PBB Ingatkan Sanksi AS untuk Venezuela Bisa Sebabkan Kelaparan dan Krisis Kesehatan

Ilustrasi Mogok massal di Caracas 5/7 menentang rencana Presiden Nicolas Maduro menggelar referendum untuk membentuk Majelis Konstitusi

VENEZUELA – Seorang ahli hak asasi manusia PBB menyatakan keprihatinan setelah AS menjatuhkan sanksi pada perusahaan minyak milik negara Venezuela.

“Saya khususnya prihatin mendengar laporan bahwa sanksi ini ditujukan untuk mengubah pemerintah Venezuela,” kata Pelapor Khusus Idriss Jazairy dalam sebuah pernyataan tertulis, Kamis (31/1/2019), yang diterima Anadolu.
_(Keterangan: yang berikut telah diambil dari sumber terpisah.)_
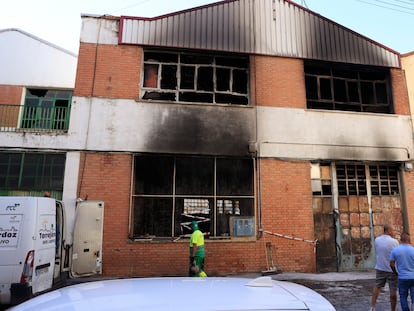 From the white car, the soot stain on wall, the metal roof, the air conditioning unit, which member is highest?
the metal roof

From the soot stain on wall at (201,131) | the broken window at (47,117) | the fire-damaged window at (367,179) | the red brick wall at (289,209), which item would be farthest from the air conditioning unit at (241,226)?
the broken window at (47,117)

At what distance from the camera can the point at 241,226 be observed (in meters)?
10.3

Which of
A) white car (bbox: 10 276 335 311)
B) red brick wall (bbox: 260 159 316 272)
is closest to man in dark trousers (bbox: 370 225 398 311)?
red brick wall (bbox: 260 159 316 272)

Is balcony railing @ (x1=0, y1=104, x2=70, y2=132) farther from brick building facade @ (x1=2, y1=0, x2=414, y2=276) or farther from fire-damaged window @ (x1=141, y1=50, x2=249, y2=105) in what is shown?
fire-damaged window @ (x1=141, y1=50, x2=249, y2=105)

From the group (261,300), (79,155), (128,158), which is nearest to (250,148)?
(128,158)

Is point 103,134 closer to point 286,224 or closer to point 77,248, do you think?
point 77,248

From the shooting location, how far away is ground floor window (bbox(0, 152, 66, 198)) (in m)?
9.79

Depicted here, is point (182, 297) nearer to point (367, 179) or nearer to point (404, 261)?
point (404, 261)

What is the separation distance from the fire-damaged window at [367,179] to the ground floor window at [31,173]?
9129 millimetres

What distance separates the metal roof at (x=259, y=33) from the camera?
11.0m

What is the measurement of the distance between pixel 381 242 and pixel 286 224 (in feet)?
13.4

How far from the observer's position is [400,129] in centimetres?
1194

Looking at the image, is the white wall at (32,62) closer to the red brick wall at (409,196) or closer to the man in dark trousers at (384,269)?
the man in dark trousers at (384,269)

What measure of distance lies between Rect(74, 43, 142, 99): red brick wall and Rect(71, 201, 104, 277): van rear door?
3.56 m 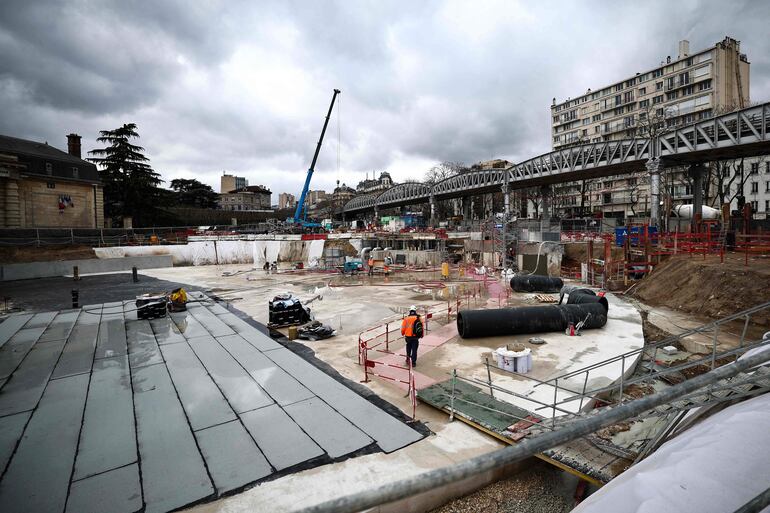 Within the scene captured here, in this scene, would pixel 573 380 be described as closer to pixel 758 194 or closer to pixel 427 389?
pixel 427 389

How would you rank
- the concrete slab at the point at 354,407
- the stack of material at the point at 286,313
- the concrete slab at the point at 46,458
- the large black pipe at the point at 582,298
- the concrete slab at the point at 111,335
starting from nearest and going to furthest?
the concrete slab at the point at 46,458 → the concrete slab at the point at 354,407 → the concrete slab at the point at 111,335 → the large black pipe at the point at 582,298 → the stack of material at the point at 286,313

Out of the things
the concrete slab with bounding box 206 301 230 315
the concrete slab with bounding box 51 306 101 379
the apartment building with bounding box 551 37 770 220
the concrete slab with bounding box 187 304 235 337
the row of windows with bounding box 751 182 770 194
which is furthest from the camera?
the apartment building with bounding box 551 37 770 220

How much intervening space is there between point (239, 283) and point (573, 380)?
22.6m

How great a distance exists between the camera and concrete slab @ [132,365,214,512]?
5188mm

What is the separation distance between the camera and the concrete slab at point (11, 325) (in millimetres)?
12788

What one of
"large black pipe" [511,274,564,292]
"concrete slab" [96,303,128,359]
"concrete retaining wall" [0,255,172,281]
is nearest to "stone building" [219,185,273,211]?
"concrete retaining wall" [0,255,172,281]

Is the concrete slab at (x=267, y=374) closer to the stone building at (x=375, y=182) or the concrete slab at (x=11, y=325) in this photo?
the concrete slab at (x=11, y=325)

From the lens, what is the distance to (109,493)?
5.25m

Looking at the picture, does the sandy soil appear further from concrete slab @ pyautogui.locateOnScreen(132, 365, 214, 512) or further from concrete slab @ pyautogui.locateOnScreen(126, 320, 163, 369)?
concrete slab @ pyautogui.locateOnScreen(126, 320, 163, 369)

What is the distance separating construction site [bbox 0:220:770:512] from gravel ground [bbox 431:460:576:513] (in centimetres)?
3

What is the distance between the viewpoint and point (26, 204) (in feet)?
132

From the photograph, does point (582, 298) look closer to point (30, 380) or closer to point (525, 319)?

Jazairy mengatakan sanksi itu bisa memicu krisis kesehatan.

“Sanksi yang dapat menyebabkan kelaparan dan kekurangan medis bukanlah jawaban untuk krisis di Venezuela,” katanya.

Dia mencatat bahwa krisis di Venezuela tidak akan diselesaikan dengan sanksi.

“Mengendapkan krisis ekonomi dan kemanusiaan bukan fondasi untuk penyelesaian sengketa secara damai,” katanya.

Jazairy menyerukan belas kasih bagi rakyat Venezuela. Dia juga meminta komunitas internasional untuk terlibat dalam dialog konstruktif dengan Venezuela untuk menyelesaikan masalah.

Pada hari Senin, AS memberlakukan sanksi terhadap perusahaan minyak milik negara Venezuela, PDVSA, dan anak perusahaannya di AS, Citgo untuk menekan Presiden Nicolas Maduro untuk mundur.